### DATA FOR THE TASK

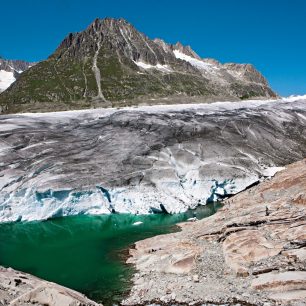 Jezero Märjelensee, Aletschský ledovec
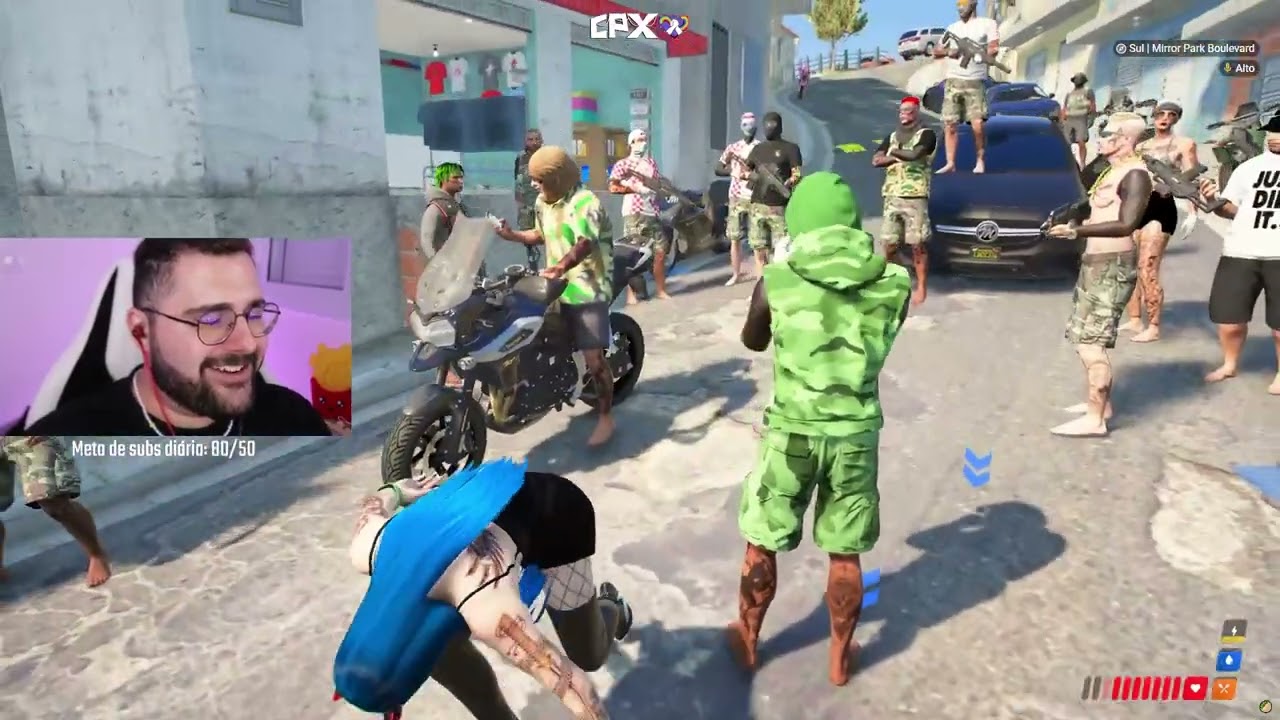 Batata chuta a moto do Luqueta dentro da FAVELA e olha a reação dele 😂 Park Tiffany GTA RP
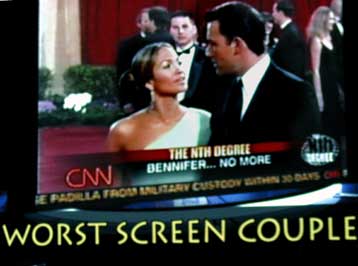 Η ταινία Gigli «σάρωσε» στην απονομή των Χρυσών Βατόμουρων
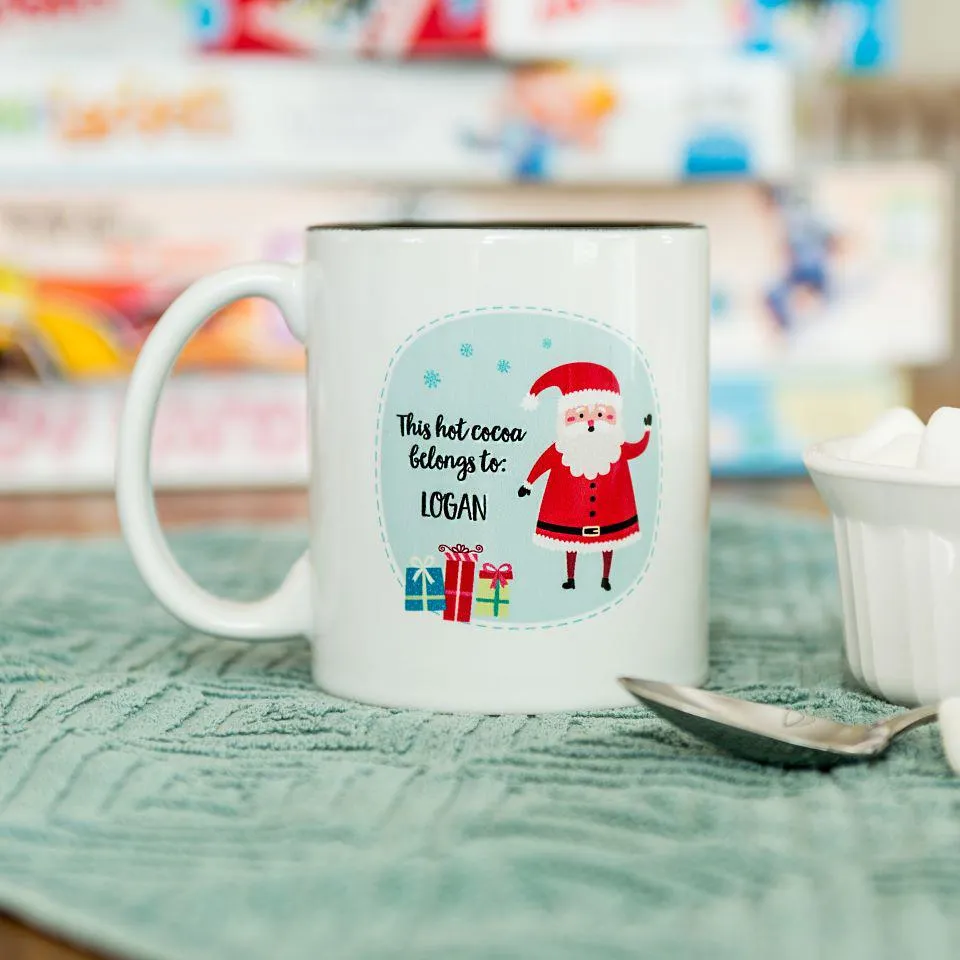 Personalized Kids Bear Hot Chocolate Mug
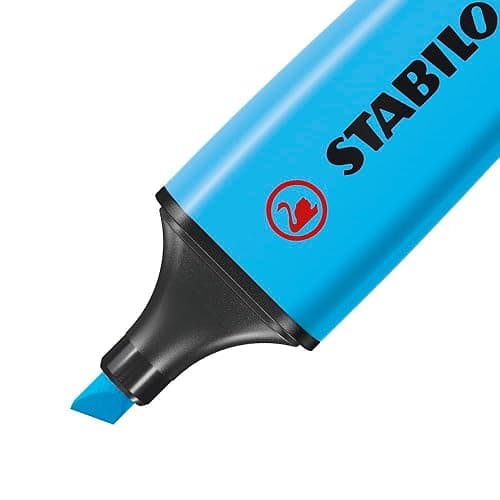STABILO Highlighter BOSS ORIGINAL - ARTY - Pack of 10 - Cool Colors, Chisel Tip, Anti-Dry Out Technology thumbnail 6
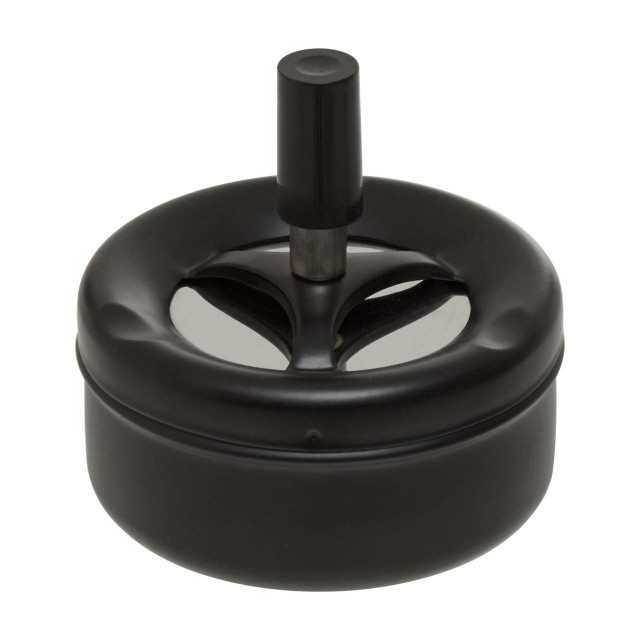 Premier Housewares Matte Black Spinning Ashtray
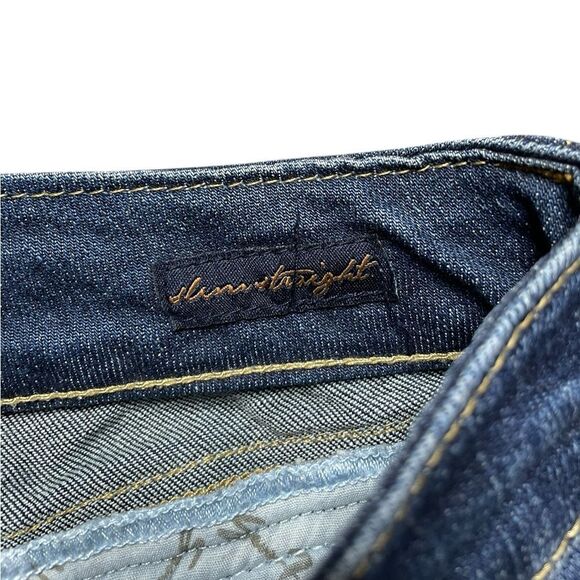 Seven7 Factory Destroyed Slim Straight Jeans Size 29 - Picture 10 of 12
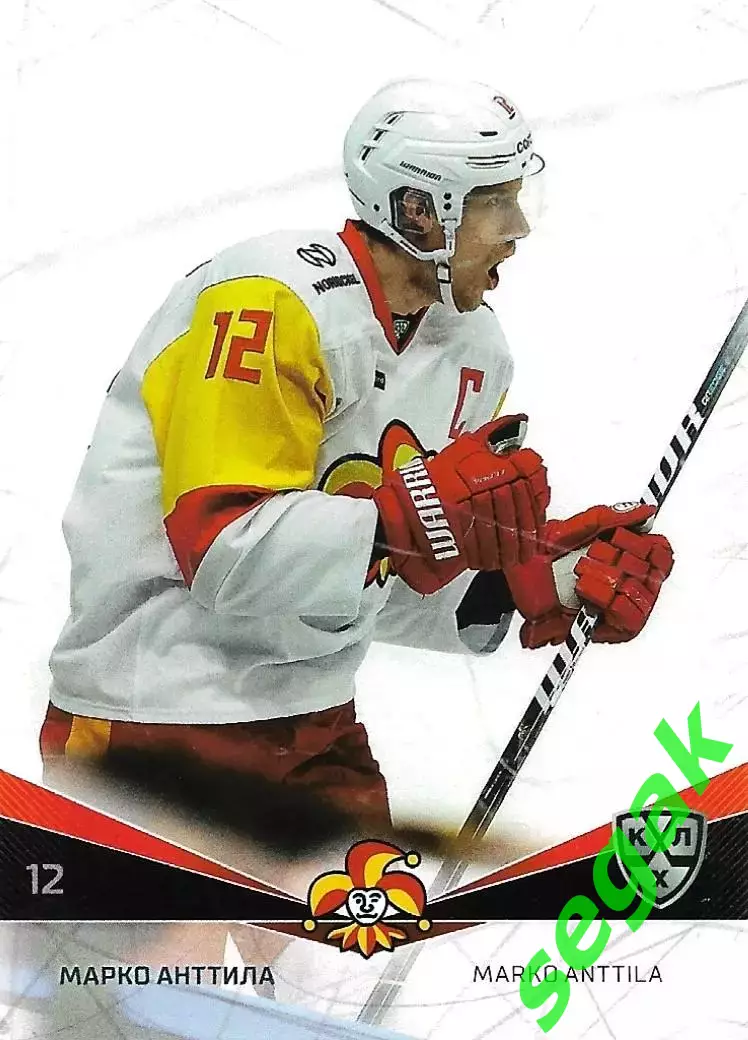 Карточка SeReal КХЛ 2021-2022 Марко Анттила Йокерит Хельсинки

######

• [PROBLEM STATEMENT]:
Starting at the line that contains "Seven7 Factory Destroyed Slim", retype each line through the final one in the listing, with both ends kept and the pictures omitted.

• [SOLUTION TO THIS TASK]:
 Seven7 Factory Destroyed Slim Straight Jeans Size 29 - Picture 10 of 12
 Карточка SeReal КХЛ 2021-2022 Марко Анттила Йокерит Хельсинки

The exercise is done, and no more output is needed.